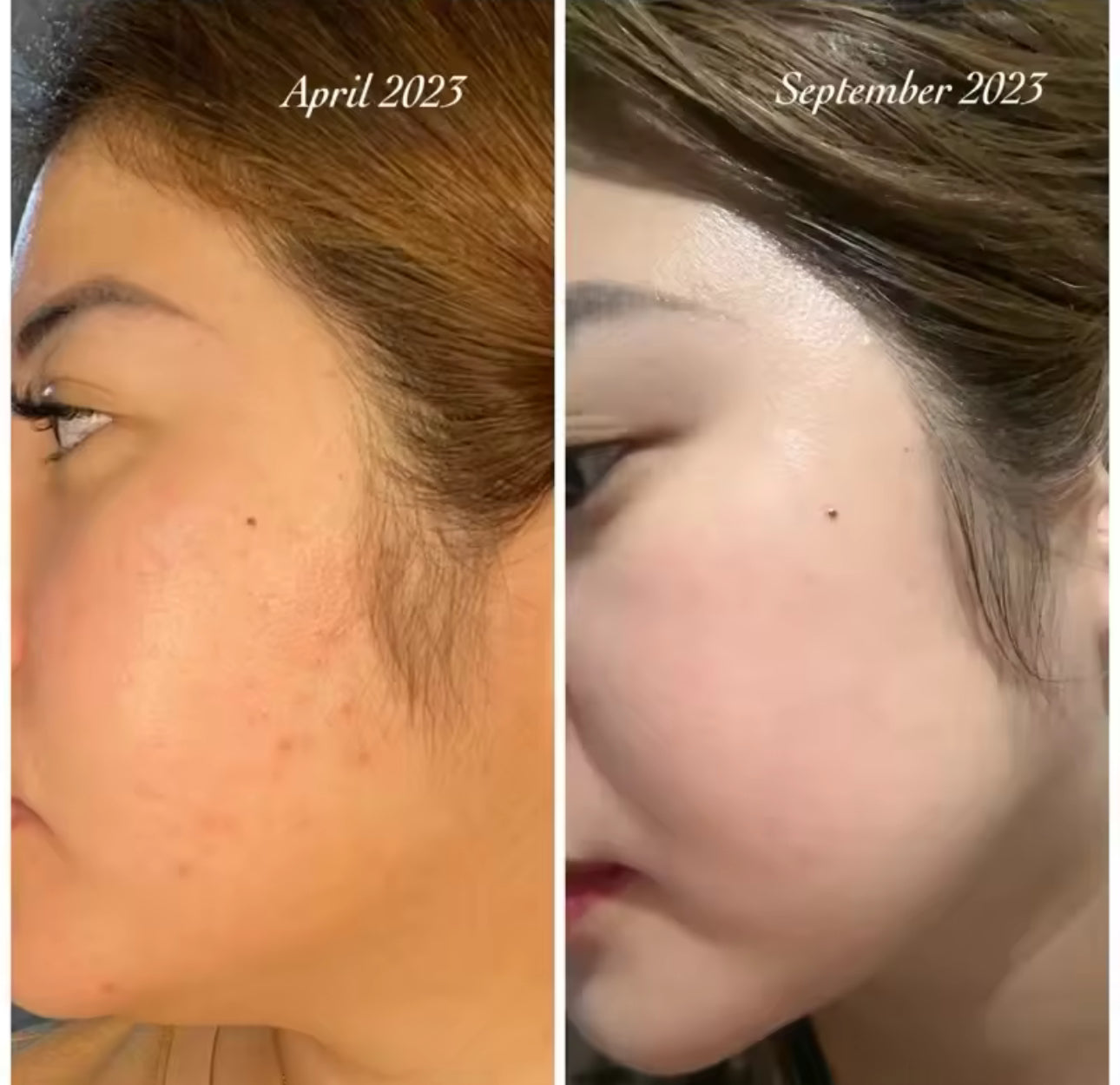 Her Choice Ph Centella Asiatica Premium Repair Set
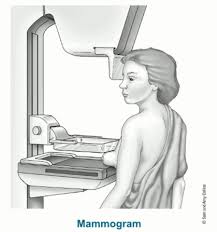 mammogram是什么意思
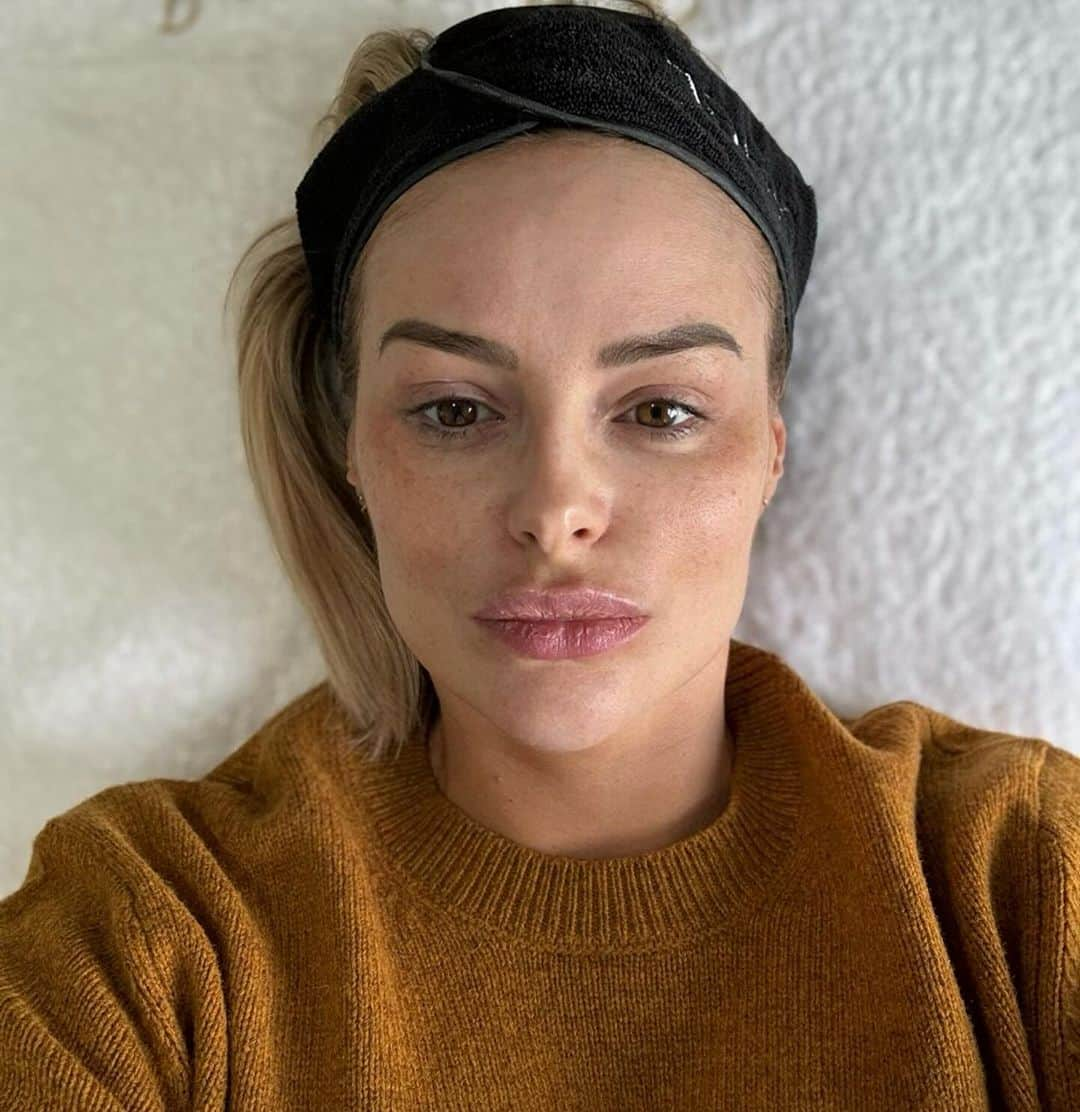 リアン・スグデンさんのインスタグラム写真 - (リアン・スグデンInstagram)「You Glow Girl!!   Much needed LPG facial @pellisandco 🫶🏽  What a dull Diana I looked before. (Pic 2). Gentle lymphatic drainage and collagen boosting, and a lovely face massage…  all pregnancy safe! Pleased for me!  Where’s the pregnancy glow attttt!?   Thank you so much! 🫶🏽✨」12月13日 2時20分 - rhiansuggers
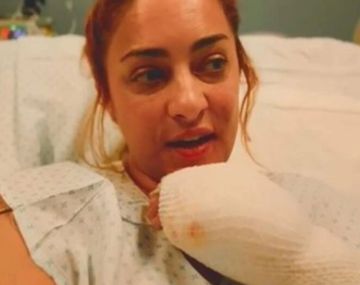 La impactante imagen de María Julia Oliván tras sufrir graves quemaduras
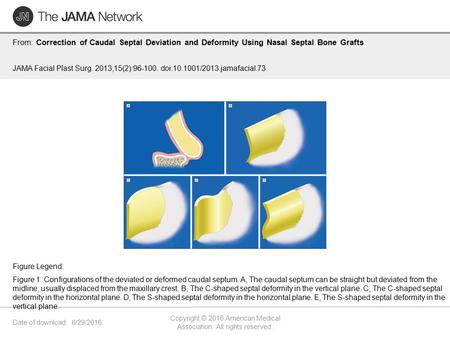 Date of download: 6/29/2016 Copyright © 2016 American Medical Association. All rights reserved. From: Correction of Caudal Septal Deviation and Deformity.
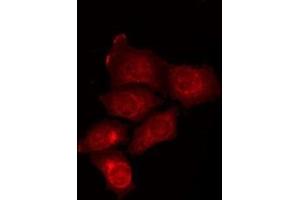 ABIN6275881 staining HepG2 by IF/ICC. (ATG16L2 抗体  (Internal Region))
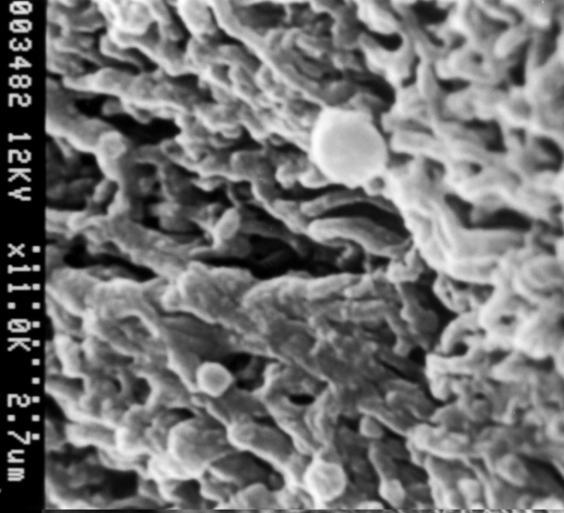 FHA Figura 2. Microfotografía electrónica de FRP (2,7 µm). Se señala fibrina homogénea abierta y sobre ella plaquetas en forma de bola de diferentes tamaños.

# # # # # # #

## TASK BRIEF
Starting at the line with "ABIN6275881 staining HepG2", reproduce exactly each line through the end of the entries, including the first and the last, and skip the pictures.

## YOUR SOLUTION
 ABIN6275881 staining HepG2 by IF/ICC. (ATG16L2 抗体  (Internal Region))
 FHA Figura 2. Microfotografía electrónica de FRP (2,7 µm). Se señala fibrina homogénea abierta y sobre ella plaquetas en forma de bola de diferentes tamaños.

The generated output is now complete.